In Canada the majority of hospitals would be regarded as “public” by most standards as they are either run by a board of trustees or by a university or other research establishment. These hospitals get most of their operating budgets from the fees paid by the single-payer system, and some of their capital budget from government grants. For-profit hospitals exist although they are rare. The world-class Shouldice Hospital for hernia repair in Toronto is an example. A large percentage of its clientele are out-of-country and pay cash or use private insurance; Canadian residents get its services at no cost. Along with the fact that virtually all doctors are in private practice, it’s a good example of the fact that a private provider system can coexist with – and is completely decoupled from – a public insurance system.
All of this is correct, yet to my mind oddly misleading. The key to understanding that is in your first sentence, defining what we functionally and practically mean by “single payer”. It turns out that it has very little to do with how many payers there actually are.
The system in Germany, for instance, with its plethora of different insurers and mix of public and private insurance is often cited as being similar to the American model, and something that the US system might achieve with a few tweaks. Nothing could be further from the truth. The German system is based on principles of social solidarity that go back centuries; the American system is based on corporations making money by providing great health care for rich people. The difference, once you delve into the details, is like night and day.

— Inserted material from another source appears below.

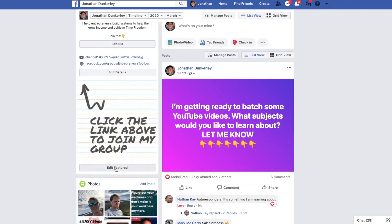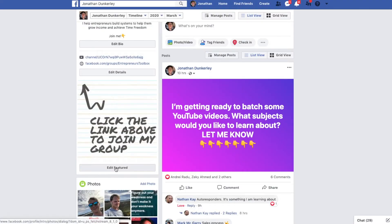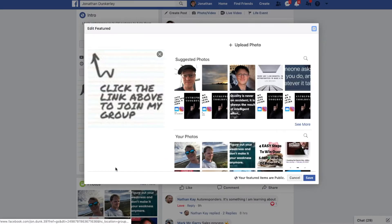The second image you need to change is your featured image. Your featured image is the image that shows up below your bio on the left-hand side of your Facebook profile. Make sure that this image also tells people exactly what you want them to do. If you want people to click on a link, have arrows pointing towards the link. It's really easy to change your featured image — just click the edit featured button on the left-hand side of the page.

First of all about 90% of the German population is insured by the statutory system of public “sickness funds” which are tightly regulated at three levels – the federal ministry of health, the independent Federal Joint Committee, and the state health ministries. It’s a system in which everybody pays the same, everybody gets the same services, and everybody is covered. This is de facto single payer. It’s just the kind of system that, in the US, brings accusations of “socialism”, “government meddling in health care”, and, of course, death panels! Private insurance is only available to those at a high income level, and because it’s risk-rated, once you opt out of the community-rated public system it’s almost impossible to get back in.

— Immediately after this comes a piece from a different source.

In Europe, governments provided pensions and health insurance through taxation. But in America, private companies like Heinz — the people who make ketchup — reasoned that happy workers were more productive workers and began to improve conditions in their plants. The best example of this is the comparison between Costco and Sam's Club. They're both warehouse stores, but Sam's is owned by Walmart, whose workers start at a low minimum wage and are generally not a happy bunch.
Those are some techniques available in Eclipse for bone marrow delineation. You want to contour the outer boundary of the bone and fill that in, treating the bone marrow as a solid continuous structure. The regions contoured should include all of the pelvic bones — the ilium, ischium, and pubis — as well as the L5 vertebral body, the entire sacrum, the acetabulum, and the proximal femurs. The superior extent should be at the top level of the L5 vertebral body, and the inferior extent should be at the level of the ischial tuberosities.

The system in Canada is operationally different, and for good reasons. It was set up as single payer at the provincial level since it was being created from scratch and this was the most efficient way to do it. It operates under federal guidelines to provide uniform national services and as a condition of federal contributions. Among those guidelines is that the patient may not be charged any out-of-pocket costs for medically necessary procedures, and no company may offer private insurance for such services.
The reason for the complete prohibition of private insurance for medically necessary procedures goes back to the history of the first single-payer system in Saskatchewan, in which US insurers and the US medical establishment engaged in the most egregious fear-mongering to prevent it from being enacted. Even today some of the insurers are still around flogging insurance for supplementary services and trying to expand their reach, while for-profit providers are opening facilities like “executive health care clinics” operating in an uncertain twilight of questionable legality, and trying to lure patients to their US facilities. The proximity to the vast US insurance establishment just on the other side of the border is like huge floodwaters just on the other side of a dam – if the dam is breached even slightly, the rest of it will come tumbling down. This is a problem European countries don’t have, not just because of distance but because, as I noted about Germany, because of a fundamentally different social culture. By and large they believe in the health care philosophy that I outlined in the concluding paragraphs of this post, that in any civilized society health care is a basic human right.